**Exercise details**
Copy each line below holding "free".

**Given records**
*** Begin section ***
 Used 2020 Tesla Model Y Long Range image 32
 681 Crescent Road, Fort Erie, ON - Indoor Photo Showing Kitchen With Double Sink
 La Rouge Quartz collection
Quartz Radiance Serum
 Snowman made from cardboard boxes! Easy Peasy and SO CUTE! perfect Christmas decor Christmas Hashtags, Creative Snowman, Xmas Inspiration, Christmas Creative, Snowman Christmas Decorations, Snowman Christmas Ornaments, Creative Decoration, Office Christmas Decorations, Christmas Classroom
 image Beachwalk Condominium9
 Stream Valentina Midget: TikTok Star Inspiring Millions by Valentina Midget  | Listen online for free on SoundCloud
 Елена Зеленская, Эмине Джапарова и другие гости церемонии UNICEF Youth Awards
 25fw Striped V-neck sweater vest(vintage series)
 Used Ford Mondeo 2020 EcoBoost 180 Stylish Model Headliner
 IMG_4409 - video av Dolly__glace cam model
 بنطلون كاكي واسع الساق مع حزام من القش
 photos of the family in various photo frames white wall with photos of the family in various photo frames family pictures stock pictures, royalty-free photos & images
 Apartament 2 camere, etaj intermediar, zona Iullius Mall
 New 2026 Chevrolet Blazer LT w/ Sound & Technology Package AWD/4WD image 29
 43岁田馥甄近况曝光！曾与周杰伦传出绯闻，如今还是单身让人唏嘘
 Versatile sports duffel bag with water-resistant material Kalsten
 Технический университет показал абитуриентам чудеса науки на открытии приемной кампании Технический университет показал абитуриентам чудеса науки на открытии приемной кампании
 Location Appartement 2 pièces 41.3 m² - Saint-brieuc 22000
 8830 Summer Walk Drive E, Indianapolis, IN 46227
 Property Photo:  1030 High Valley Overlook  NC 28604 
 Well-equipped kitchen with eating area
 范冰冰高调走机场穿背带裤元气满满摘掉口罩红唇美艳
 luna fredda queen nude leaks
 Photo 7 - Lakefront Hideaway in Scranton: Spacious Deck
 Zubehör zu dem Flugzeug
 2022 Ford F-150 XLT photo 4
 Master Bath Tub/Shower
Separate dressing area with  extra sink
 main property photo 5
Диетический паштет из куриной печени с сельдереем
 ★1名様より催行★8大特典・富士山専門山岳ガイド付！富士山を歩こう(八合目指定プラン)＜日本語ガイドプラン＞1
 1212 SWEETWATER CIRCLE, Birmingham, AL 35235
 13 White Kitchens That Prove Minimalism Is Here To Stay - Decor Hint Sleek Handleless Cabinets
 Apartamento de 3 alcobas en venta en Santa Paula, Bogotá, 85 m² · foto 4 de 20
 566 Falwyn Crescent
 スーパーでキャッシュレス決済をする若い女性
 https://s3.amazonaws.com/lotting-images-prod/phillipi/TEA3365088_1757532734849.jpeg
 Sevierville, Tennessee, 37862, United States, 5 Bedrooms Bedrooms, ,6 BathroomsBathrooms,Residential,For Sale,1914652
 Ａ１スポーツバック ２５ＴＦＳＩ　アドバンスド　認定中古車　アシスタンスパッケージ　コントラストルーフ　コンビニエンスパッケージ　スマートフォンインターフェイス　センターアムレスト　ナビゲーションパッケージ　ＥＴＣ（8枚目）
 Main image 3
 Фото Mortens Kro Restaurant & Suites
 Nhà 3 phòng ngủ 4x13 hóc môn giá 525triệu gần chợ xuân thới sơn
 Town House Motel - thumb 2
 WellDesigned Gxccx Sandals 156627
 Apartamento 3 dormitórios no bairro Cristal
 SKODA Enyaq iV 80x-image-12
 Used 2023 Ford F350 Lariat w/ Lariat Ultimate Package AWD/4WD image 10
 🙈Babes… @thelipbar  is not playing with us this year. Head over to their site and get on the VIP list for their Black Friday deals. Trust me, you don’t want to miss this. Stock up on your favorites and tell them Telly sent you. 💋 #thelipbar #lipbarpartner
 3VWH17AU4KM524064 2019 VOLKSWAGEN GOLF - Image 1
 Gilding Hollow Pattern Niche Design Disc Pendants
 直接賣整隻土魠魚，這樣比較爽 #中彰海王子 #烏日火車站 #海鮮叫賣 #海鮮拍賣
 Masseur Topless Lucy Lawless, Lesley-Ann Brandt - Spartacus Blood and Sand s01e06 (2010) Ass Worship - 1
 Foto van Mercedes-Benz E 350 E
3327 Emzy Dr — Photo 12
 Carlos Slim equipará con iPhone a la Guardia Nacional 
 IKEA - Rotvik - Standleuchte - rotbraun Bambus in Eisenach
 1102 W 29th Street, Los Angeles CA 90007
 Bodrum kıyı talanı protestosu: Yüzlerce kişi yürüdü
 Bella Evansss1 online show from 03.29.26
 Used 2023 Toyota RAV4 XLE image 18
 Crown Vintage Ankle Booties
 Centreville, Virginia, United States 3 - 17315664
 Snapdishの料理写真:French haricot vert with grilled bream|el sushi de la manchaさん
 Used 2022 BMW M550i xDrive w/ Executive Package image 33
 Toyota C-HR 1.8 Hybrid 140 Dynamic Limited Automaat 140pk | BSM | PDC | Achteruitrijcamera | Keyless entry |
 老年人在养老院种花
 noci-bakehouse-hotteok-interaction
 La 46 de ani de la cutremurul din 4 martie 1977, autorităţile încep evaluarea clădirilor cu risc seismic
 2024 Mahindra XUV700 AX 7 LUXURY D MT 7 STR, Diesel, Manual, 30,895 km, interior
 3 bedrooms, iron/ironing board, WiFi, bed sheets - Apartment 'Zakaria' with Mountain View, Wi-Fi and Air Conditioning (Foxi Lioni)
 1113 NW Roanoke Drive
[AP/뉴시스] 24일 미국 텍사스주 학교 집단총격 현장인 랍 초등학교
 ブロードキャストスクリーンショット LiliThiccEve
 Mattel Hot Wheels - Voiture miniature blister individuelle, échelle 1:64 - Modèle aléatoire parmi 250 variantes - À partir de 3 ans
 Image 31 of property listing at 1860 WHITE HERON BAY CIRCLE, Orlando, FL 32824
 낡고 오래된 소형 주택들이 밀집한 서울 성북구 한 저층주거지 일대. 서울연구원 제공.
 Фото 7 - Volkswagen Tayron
*** End section ***
**The answer**
 Stream Valentina Midget: TikTok Star Inspiring Millions by Valentina Midget  | Listen online for free on SoundCloud
 photos of the family in various photo frames white wall with photos of the family in various photo frames family pictures stock pictures, royalty-free photos & images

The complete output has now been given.